I am working on a oracle 11g database. System ATM has many history tables for records related to transactions. The issue we are having is transaction history information records span multiple tables. As an example we have TransactionDetail
table that has version column and TransactionQuestions
table that has version column of it's own. When historic information needs to be retrieved massive view is used to get this data out of database - it is incredibly slow, and due to size and complexity with versions and many joins we are constantly finding bugs.
The approach we are thinking to take is instead saving data in multiple history tables, for sole purpose to be later joined into massive view later is to save whole system state on each transaction into massive table with lots of columns instead, put index on PK and - problem solved.
This would solve for us performance issue as data would be retrieved without aggregation.

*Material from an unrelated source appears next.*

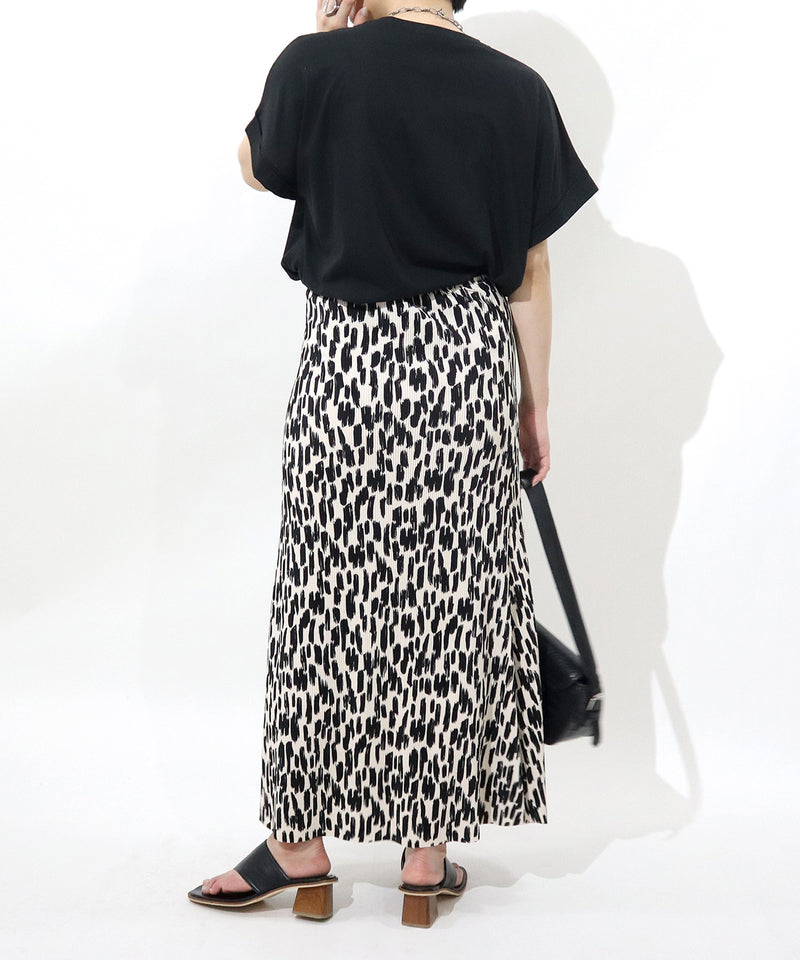 Loose fit T-SHIRT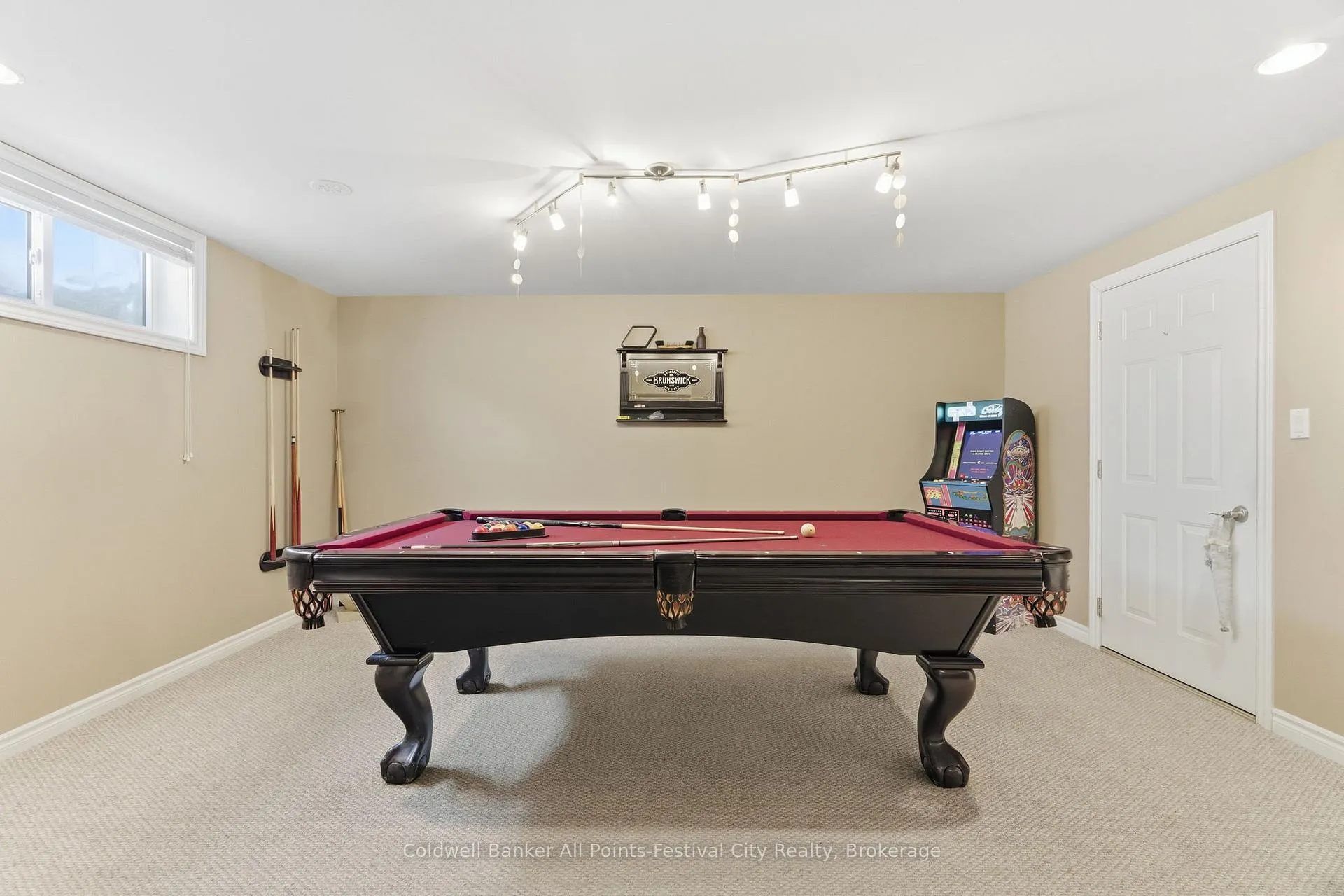 Photo 36 of 217 Britannia Road E, Goderich, Goderich (Town) — HOMEH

Biggest downside of table approach in my eyes is if there is bug in SQL View structure it can be fixed and actual history data is not being affected, if there is a bug in mechanism (which would be moved from view to code essentially) that writes data to history table - data becomes corrupt and can be impossible to fix.
What other drawbacks does massive history table would bring when compared to view that combines data from multiple history tables?
Have you considered creating a materialized view? Materialized views have significantly better storage characteristics, while still allowing normalized table structure. They have a couple of tradeoffs, including higher disk usage (basically formalizing the "massive history table"). This basically creates your massive history table, and lets oracle do the heavy lifting of serializing changes out to the normalized tables.